To simplify matters, the simulator is used to establish a “baseline lift” at 10 MPH for each wing element. All other lift values are then calculated from the baseline values. In this way, it is necessary to run the numbers through FoilSim only once for each proposed wing and airfoil configuration.
Specifications:
Wings:
Seven-pinion design with progressive washout
Span: 47.75 feet (14.48 meters)
Wing area: 150 square feet (13.93 square meters)
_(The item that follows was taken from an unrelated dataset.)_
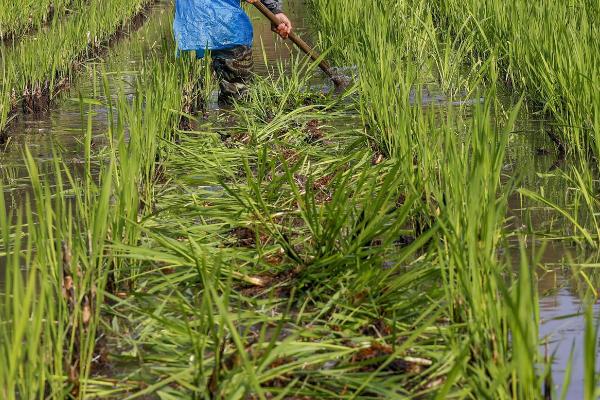 种植茭白的环境要求，温度要达到24℃左右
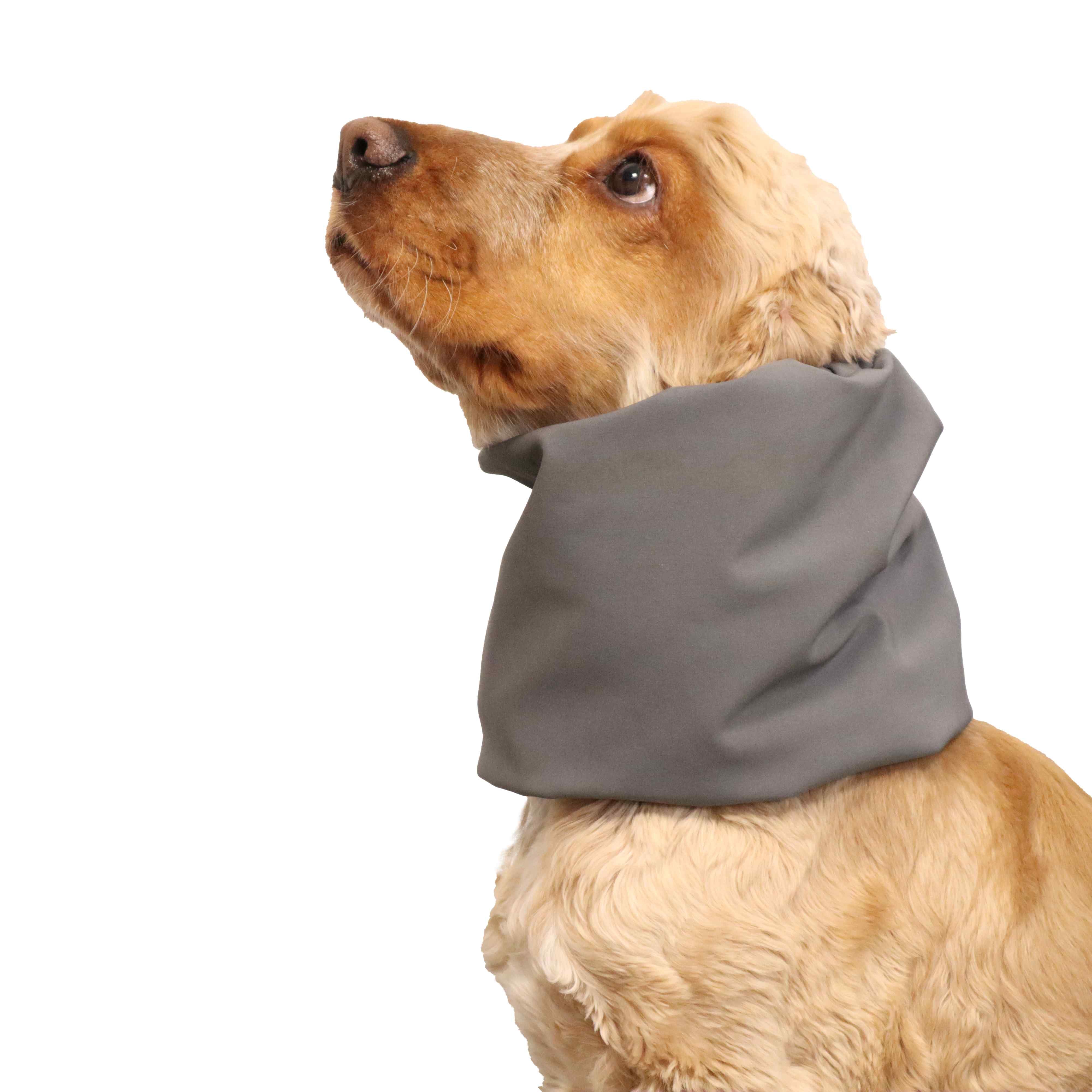 Soft warm dog snood by Distinguish Me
Weight, total: 288 lb (131 Kg)
Pilot: 175 lb (79.5 Kg)
Aircraft: 113 lb (51.4 Kg)
Glide ratio: 20:1
Power:
7 HP Halbach Array electric motor, 1.4 lb (0.64 Kg) driven by
two 5.4 lb (2.45 Kg) Li-poly battery packs (0.9 KWH total)
Hydraulic system
Pressure: 3400 PSI
Power-stroke actuators (one for each wing): 2” (5.04 cm) diameter piston with a 1.57” (4.0 cm) stroke
Pitch-control actuators: dimensions to be determined
Mechanical coupling to the wings:
Power-stroke actuators: 3” (7.62 cm) lever arms at the shoulder joints
Pitch-control actuators: 3” (7.62 cm) lever arms at the wing roots
Power-stroke duration: 1.5 seconds
Backstroke duration: 1 second
The minimum energy required for any aircraft to keep flying at a constant altitude is that which will just compensate for the change in gravitational potential energy as the craft loses altitude during its glide. For an ornithopter, this is the minimum amount of lift energy that the wings must produce during each flapping cycle.
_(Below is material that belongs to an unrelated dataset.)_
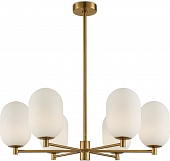 Потолочная люстра Sharlot FR1012PL-06BS 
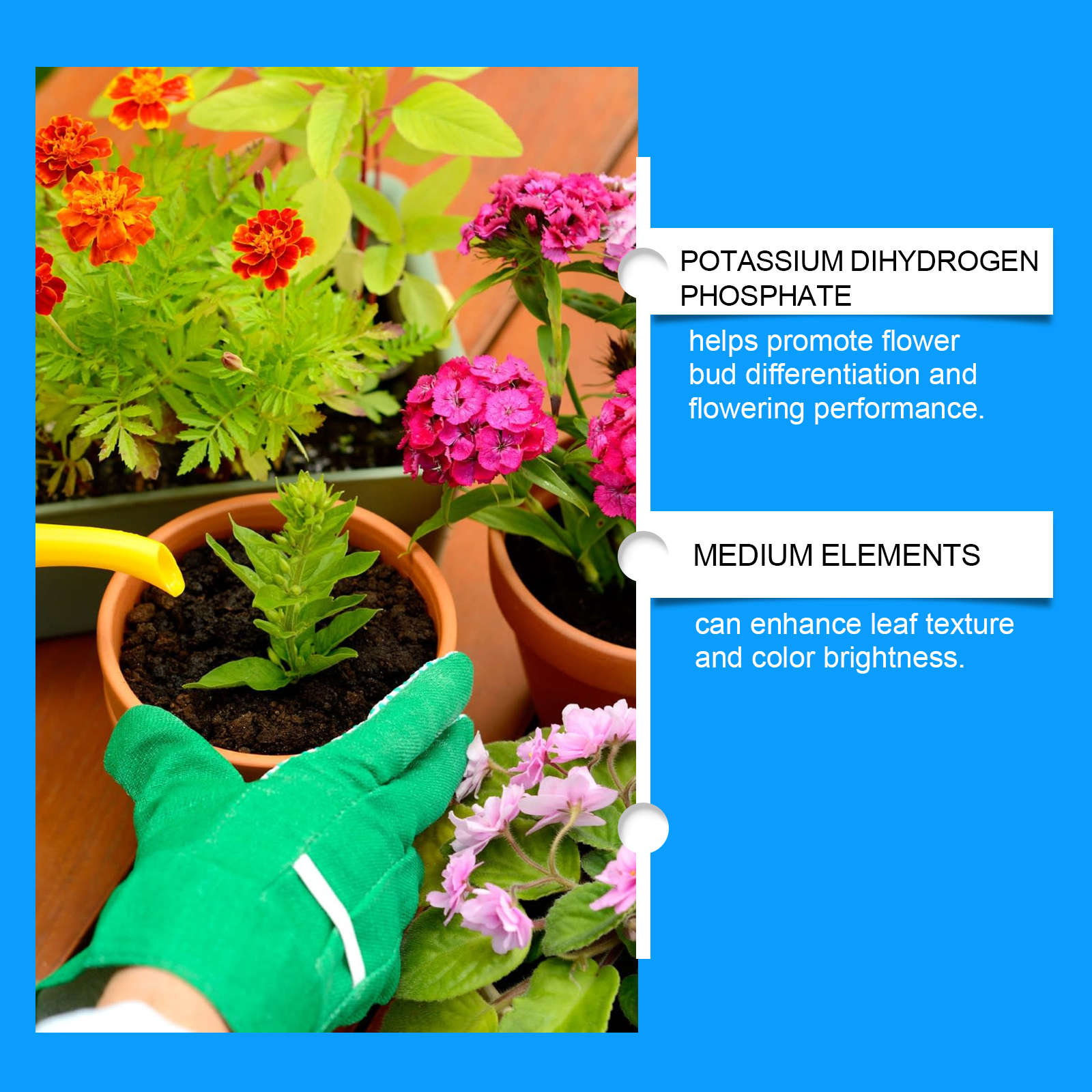 Flower Nutrient Solution Liqui - مراجعة Nutrition & Fitness Coaching Fulham وسعره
Given a total weight, a glide ratio and an airspeed, the potential energy change (PE) during the glide is (in the English system):
PE
= weight x change in altitude
Where the change in altitude is just the airspeed / glide ratio.
We begin with an assumed glide ratio of 20:1 and an estimate of 288 pounds for the craft and pilot. The glide ratio of the typical vulture is something like 15.5:1[2] and that of a modern sailplane approaches 70:1 so it seems plausible that, with careful engineering, our craft could achieve a ratio of 20:1. Most of the weight estimates are pure speculation and will be refined as the design process proceeds.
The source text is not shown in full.